To my eyes, the X2D files just look a lot cleaner. But the GFX looks more film-like, whic is one of my goals. Both have too many pixels for my liking (too good), yielding terribly heavy files (not good enough), with the GFX a lot better in that respect. The X2D is recognised as having the better IBIS, but the GFX has the more interesting zooms, and is better with adapted lenses. I like the GFX’s platform approach and dislike the X2D’s system appraoch. And the X2D price just isn’t good enough.
At the end of the day, it’s the final images that matter most to me. In that respect, I just will not tolerate good enough and want the best possible colours and tonal range. So the X2D will probably win. If I buy anything, to begin with.
Back in Black
Likewise, dynamic range matters more to me than ISO ability.

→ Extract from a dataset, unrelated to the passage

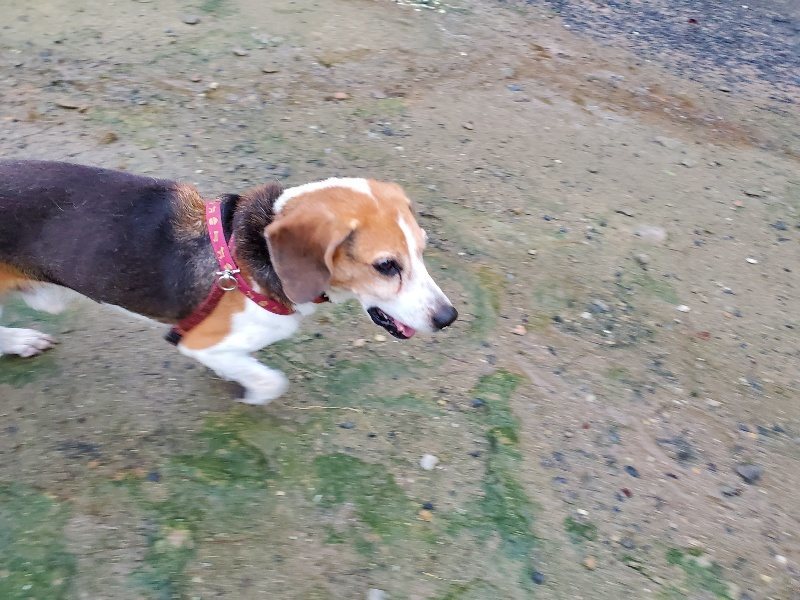 f:id:roukenhome-ann:20191019223819j:plain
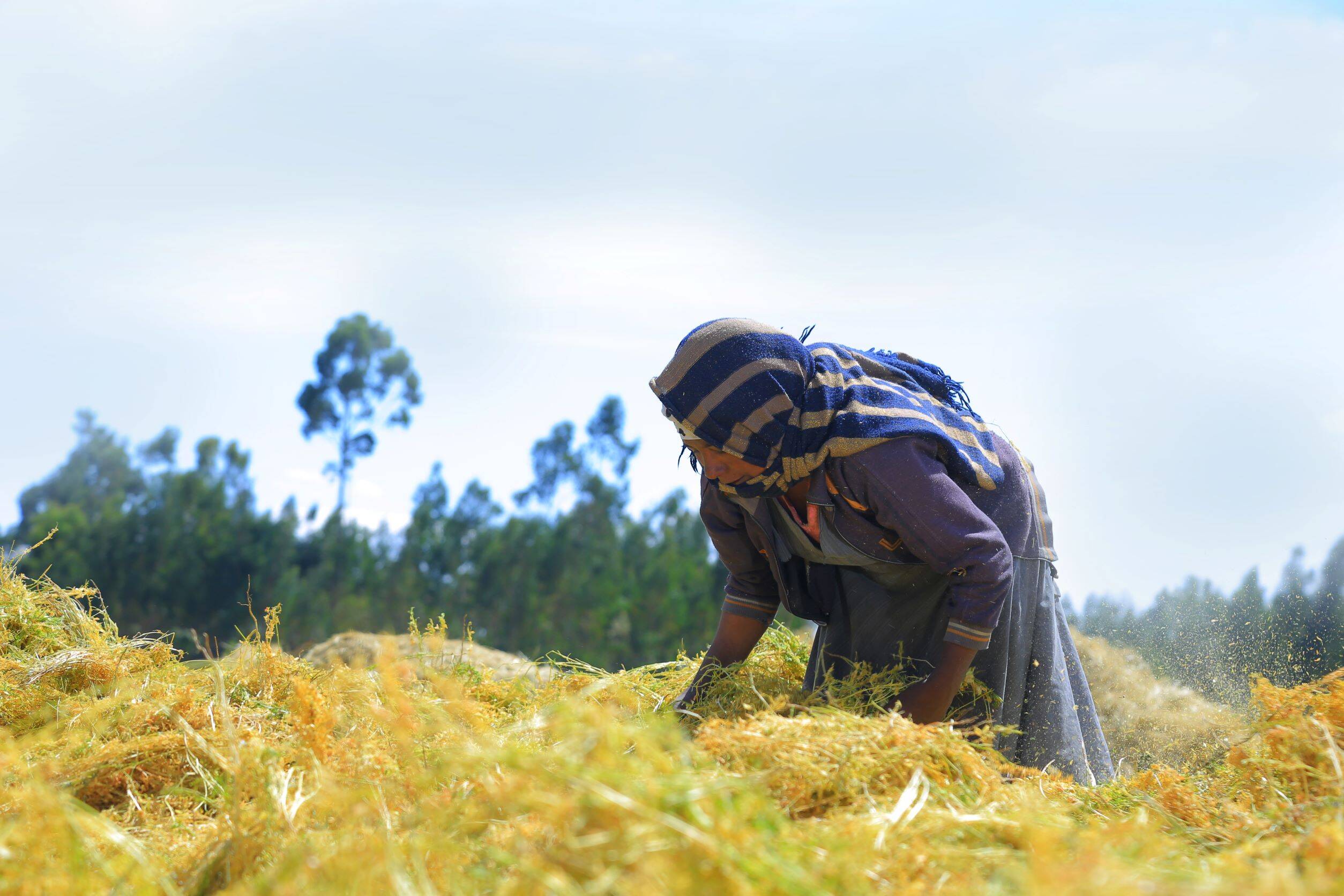Female farmer after the lentil harvest, Central Ethiopia Female farmer after the lentil harvest, Central Ethiopia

Human eyes are used to seeing pitch black but no human eye-brain experiences highlight clipping, which I absolutely loath. ISO3200 is plenty good enough for me. Others, less interested in cinematic suspension of disbelief and more in capturing the natural world, for instance, will feel the opposite way and will revel in 51200 and 10 bits of DR.
So, here’s the deal.
We tend to consider product selection in the light of the the polar opposites of absolute best performance and price. When in fact, choosing in a satisfactory manner is far more concerned with deciding what dimensions can be good enough and which you cannot, will not, negociate. It’s what makes you you, and your photographs yours. Give it good enough thought.